Inequality and Racial Backlash: Evidence from the Reconstruction Era and the Freedmen's Bureau
Eric Chyn, Kareem Haggag & Bryan Stuart
NBER Working Paper, April 2024

Abstract:
How do majority groups respond to a narrowing of inequality in racially polarized environments? We study this question by examining the effects of the Freedmen's Bureau, an agency created after the U.S. Civil War to provide aid to former slaves and launch institutional reform in the South. We use new historical records and an event study approach to estimate impacts of the Bureau on political economy in the South. In the decade immediately after the war, counties with Bureau field offices had reduced vote shares for Democrats, the major political party that previously championed slavery and opposed Black civil rights during Reconstruction. In the longer-run, we find evidence of backlash in the form of higher Democratic vote shares and increases in several forms of racial violence, including lynchings and attacks against Black schools. This backlash extends through the twentieth century, when we find that counties that once had a Bureau field office have higher rates of second-wave and third-wave Ku Klux Klan activity and lower rates of intergenerational economic mobility. Overall, our results suggest that the initial impacts of the Freedmen's Bureau stimulated countervailing responses by White majorities who sought to offset social progress of Black Americans.


Race, immunity, and lifespan: Unraveling the effect of early-life exposure to malaria risk on lifespan
Sok Chul Hong & Inhyuk Hwang
Economics & Human Biology, August 2024

Abstract:
We investigate a historical experience to measure the long-term effect of malaria on lifespan among infected survivors and identify a factor that mitigates malaria's effect.

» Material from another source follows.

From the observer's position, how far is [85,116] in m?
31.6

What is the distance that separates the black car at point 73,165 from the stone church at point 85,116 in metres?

Using a sample of Union Army veterans born during the mid-19th century and their lifetime records, we show that exposure to high risk of malaria at birth or in early life substantially shortened their lifespan. The legacy of exposure to malaria is robust while controlling for lifetime socioeconomic and health conditions, fixed effects, and considering selection bias. Additionally, we include the US Colored Troops sample of black veterans to analyze racial differences in the effect of malaria exposure on lifespan. Exposure to malaria did not lead to a shorter lifespan among black veterans. Evidence suggests that genetic immunity to malaria in black veterans might contribute this heterogeneity.